Nous aurions pu aussi nous demander pourquoi s. Nicodème l’Hagiorite a placé en tête de la Philocalie une centurie en 170 chapitres attribuée à Antoine, en fait un ‘Epictète chrétien’. Mais Nicodème, bon connaisseur des philosophies de l’Antiquité, ne se serait-il pas souvenu des disputes d’Antoine avec les philosophes rapportées dans la Vie et du grand discours aux moines (§§ 16-43 et 72-80), dans l’intention inavouée de compléter ou de rectifier l’image athanasienne du moine Antoine philosophe illettré?

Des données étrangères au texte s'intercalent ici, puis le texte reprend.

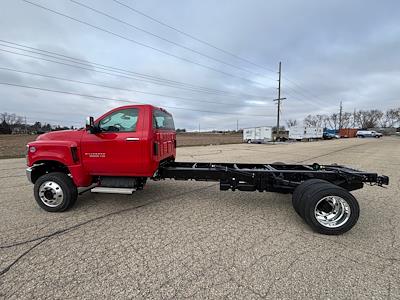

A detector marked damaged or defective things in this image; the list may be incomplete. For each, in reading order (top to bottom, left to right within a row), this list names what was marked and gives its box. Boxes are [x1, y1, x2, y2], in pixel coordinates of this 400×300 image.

cracked asphalt [0, 137, 398, 298]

Le siècle des Lumières et le rationalisme n’ont pas réussi à faire disparaître les démons de notre monde. Un confrère bénédictin, Anselm Grün, auteur de quelques dizaines de livres de spiritualité best-seller, traduit en plus de 30 langues, vient de publier un livre sur le combat spirituel du chrétien contre le Malin et ses complices Widerstehen und Wachsen. Die Macht des Dunklen in unserer Zeit – und wie wir ihr entgegentreten(«Résister et croître. Le pouvoir du Malin en notre temps, et comment l’affronter»). Les Évangiles et les Pères du désert y occupent évidemment la place qui leur revient. S. Antoine reste un maître actuel du discernement et de l’art du combat contre le péché et le mal.

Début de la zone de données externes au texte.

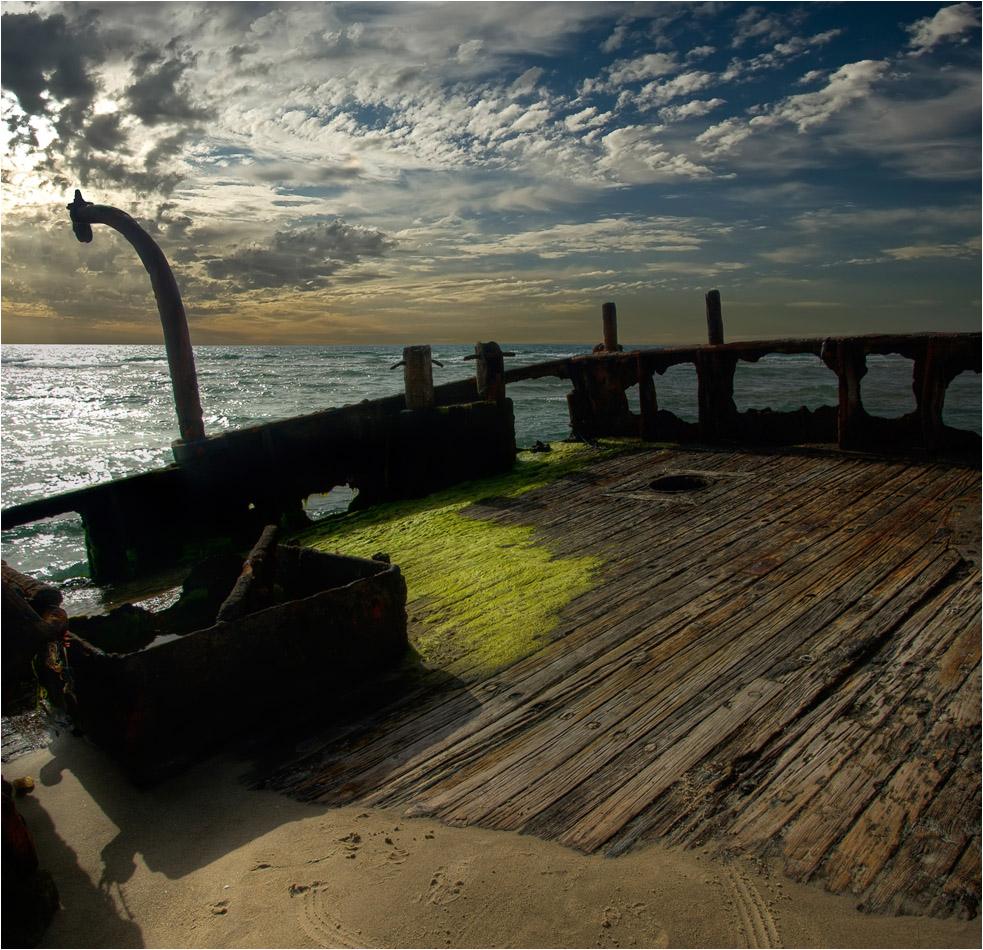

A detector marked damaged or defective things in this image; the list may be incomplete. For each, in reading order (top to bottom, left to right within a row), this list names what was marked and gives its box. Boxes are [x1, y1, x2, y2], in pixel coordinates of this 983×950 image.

Le père des moines reste aussi le modèle de l’authentique père spirituel. Nos Eglises ont vécu et vivent encore une grave crise de la paternité spirituelle, aussi bien dans ce que les catholiques appellent les ‘nouvelles communautés’ et les orthodoxes le ‘gherontismos’ ou en russe le ’mladostartchestvo’. Je me permets de rappeler la récente publication à Bose (2025/2022) du livre d’Angeliki Tzouvali, Come accompagnare nella fede? («Comment accompagner dans la foi?»). Ecoutons ce que nous en dit l’extraordinaire ouverture du discours d’Antoine aux moines au début de sa mission ecclésiale: «Un jour, comme il sortait, tous les moines vinrent à lui et demandèrent à entendre quelque parole de sa bouche. Alors il leur dit en copte: ‘Les Ecritures suffisent à notre instruction, mais il est bon de nous encourager mutuellement et de nous réconforter par des paroles. Vous, comme mes enfants, en disant ce que vous savez, vous apportez quelque chose à votre père, et moi, comme votre aîné par l’âge, je vous transmets ce que je sais et dont j’ai fait l’expérience’» (Vita 16, 1-2). Tout est dit. Les fils ont quelque chose à donner au père spirituel et ce dernier leur offre ce qu’il sait pour en avoir fait l’expérience. Mais tout se vit dans l’obéissance, celle des fils et du père, à la Parole de Dieu.
Laissons la dernière parole de notre conclusion à saint Antoine lui-même. Une des toutes dernières paroles de s. Antoine à ses disciples, et à nous, recommande : «Respirez toujours le Christ» (Vita 91,3 τὸνΧριστὸνἀιεὶἀναπνεῖτε).